Bergen is located on Norway's west coast and is nestled in the valley between and up the sides of seven mountains (though which seven of many in the region is still argued about). As a result, many homes are built on the hillside, making for good natural exercise experience and a particular charm. The apartment where we stayed is close to Mt. Fløyen, to the north. This mountain has a funicular one can ride to reach the summit which has a beautiful panoramic view of the ocean, the city, and the surrounding mountains. Here are a couple of street photos taken near where we stayed.
The day Sten was in meetings, I chose to revisit places in the downtown harbor area. I passed by the ubiquitous McDonald's, Bergen style.

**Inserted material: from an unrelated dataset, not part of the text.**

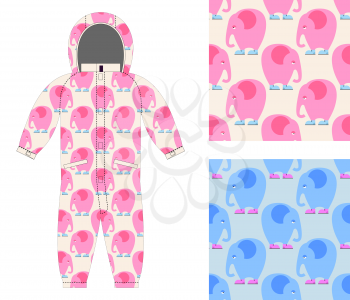 Jumpsuit child structure from cute elephant in shoes. Set of seamless pattern of sad pink elephant. Background for fabrics: for boys and girls.
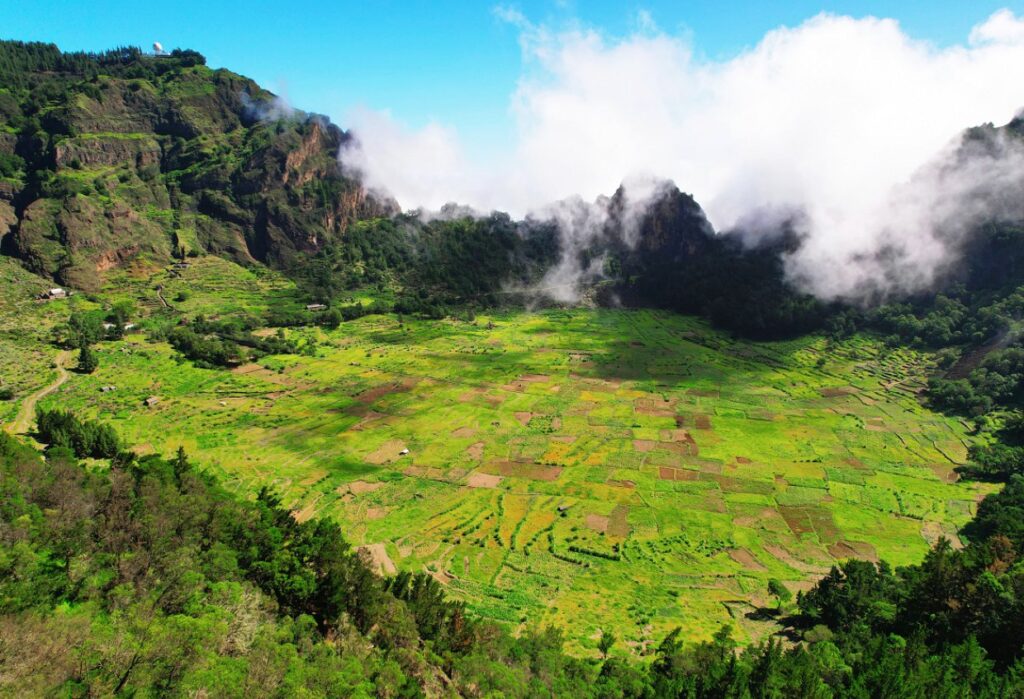 Cova is a volcanic caldera in the east-central part of the island of Santo Antão in Cape Verde.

One of the most iconic sites in Bergen is pictured below -- the old wooden buildings of Bryggen, along the side of the harbor. These were originally Hanseatic commercial buildings, but now they're mostly shops, galleries, and a museum.
Here's the view of the harbor on the other side of the street.
Bergen, being on the west coast, gets a lot of rain, though not a lot of snow. I've heard for years that it's the Gulf Stream that keeps it warmer than one would assume these northern latitudes to be. However, interestingly, it's not the Gulf stream itself, but that combined with the chaos of the sea waters that provides this warmth. (For an interesting report of studies that found this, see http://www.sciencedaily.com/releases/2011/12/111202091148.htm.)
It would seem that this day, the "chaos" causes rain that was coming down pretty steadily and winds that were very strong. I found myself wanting to spend more time inside than out. I thought I'd explore behind the street front which faces the harbor.
Wandering behind these bryggen buildings, I stepped into this gallery. I like how they've adapted to the nooks and crannies of the old building's interior.
One of the Bryggen buildings houses a Christmas shop; another, a knitware shop. I had to check them out too. Tempting, but pricey.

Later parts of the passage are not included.